He exploited her of money and emotions, but she eventually understood that it’s him who is actually the real victim and thus she left no stone unturned to pull him out of his misery.
A 62 years old divorcee from Sweden, Maria Grett, had set up a dating profile looking for a nice gentleman to share company with, and thought she’d hit it off with this 58-year-old man in Denmark. She was overjoyed when the man seemed trustworthy and so eager to start a relationship.
“He had a way and a sweetness I had never known in a man before,” she said. “He seemed so innocent in a way that it puzzled me.”
Unaware that he was actually a skilled scammer all set to play his cards, she was slowly lured into a feeling of comfort and trust.
As with every other scam story, this man showed interest in meeting her, but said that he had an urgent business job in Nigeria.

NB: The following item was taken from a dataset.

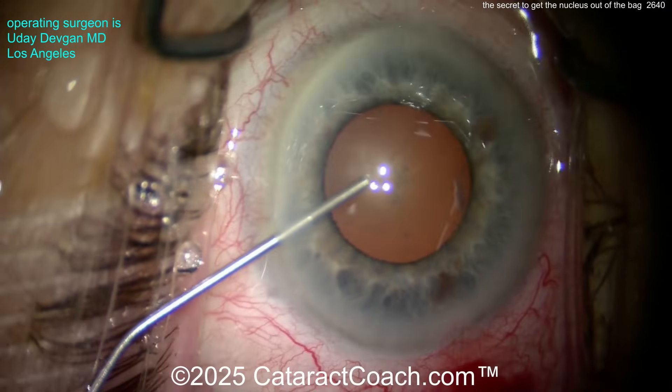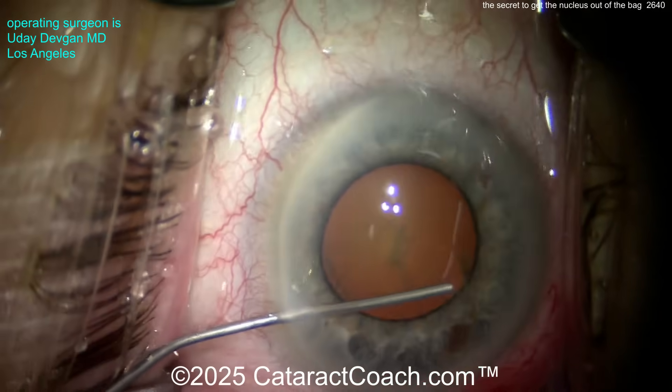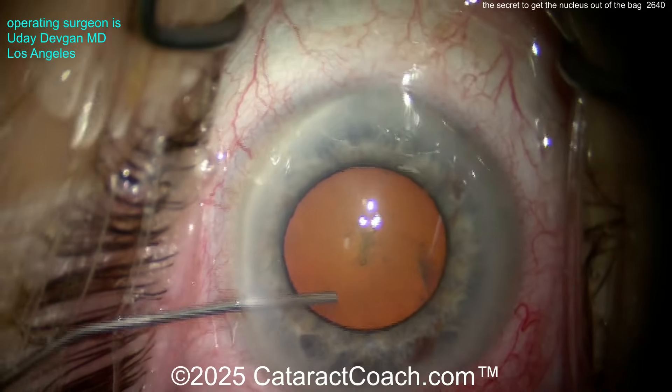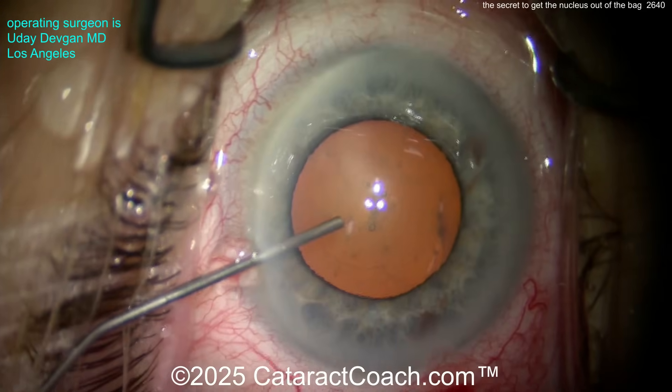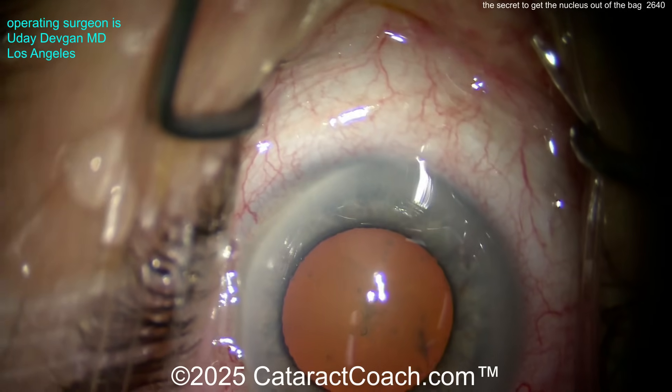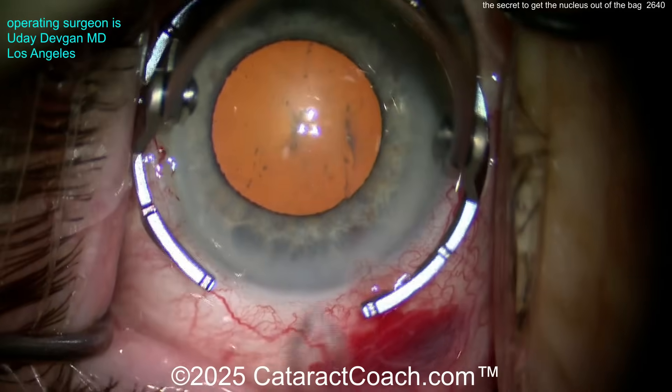But here's the big trick: it's Osher's viscomedriasis. Injecting viscoelastic to push that pupil margin temporarily out a little bit to give you a little bit more of an expanded pupil. And that's a much better pupil size — but it's temporary. As you remove the viscoelastic, you're going to lose that. Now we're going to make our main incision here.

Then after a while, he started claiming that he and his son had been mugged and injured, and couldn’t pay for medical bills. Already a victim of his sentimental plots, Grette sent thousands of euros to help, unaware that her trust was being exploited.

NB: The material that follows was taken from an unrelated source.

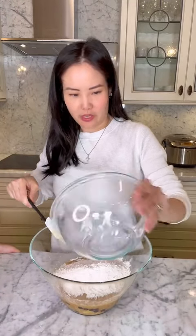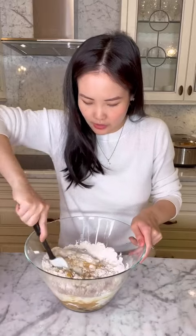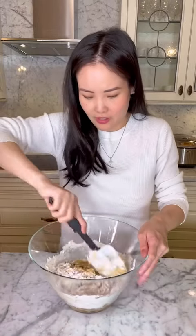Now we're going to combine our dry and our wet ingredients. I think I'm going to do this part because we don't want to overmix or else they won't turn out well. I'm going to fold the dry ingredients into the wet ingredients until it's just wet.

And then she got a message she never expected.
After sending the money, Grette began to feel suspicious, and her fears were confirmed when, after weeks of no contact, the man contacted her again.
This time, though, he confessed. He was not 58, and he was not from Denmark. Instead, he was a 24-year-old from Nigeria, involved in a dating scam network.
Although she was angry and hurt, but she mostly felt sorry for the young man. She asked him to tell her more about his life, and how he’d ended up running dating scams.
“The most terrible thing was not that he had cheated me, but that he had lost his innocence,” she said.
The man, Johnny, felt bad about what he did and called himself a “devil” for his actions.
Grette felt bad that a young, educated man was so desperate that he had to turn to a life of crime. So she decided to meet him face to face to help him out. She traveled to Africa, and the two met for the first time. And it turned out their connection really wasn’t all that fake.
“When I saw him at the airport in Abuja, tears ran down his face, and I felt as though I had known him all my life,” Grette said.
Because of their age difference, Grette and Johnny didn’t develop a romantic relationship, but they did become close friends.
Grette also met some of his friends, many of whom also worked as scammers and decided that she wanted to provide opportunities for young people so that they wouldn’t have to resort to scamming.
“I asked myself what I could do to prevent a situation where healthy, good young men fall into this kind trap,” she said.
She then started a program that provides young Nigerian artists and students the chance to attend events and conferences in Europe to help them get a leg up on their careers through funding and grants. She also helped Johnny pay for the rest of his college education.
Today, some seven years after they first “met,” Grette and Johnny are still in touch. Johnny works for an American oil company, and has given up scamming for good. As for the initial scam? Grette has no hard feelings.
“He has asked me so many times to forgive him and I told him that the most important thing is to forgive himself.”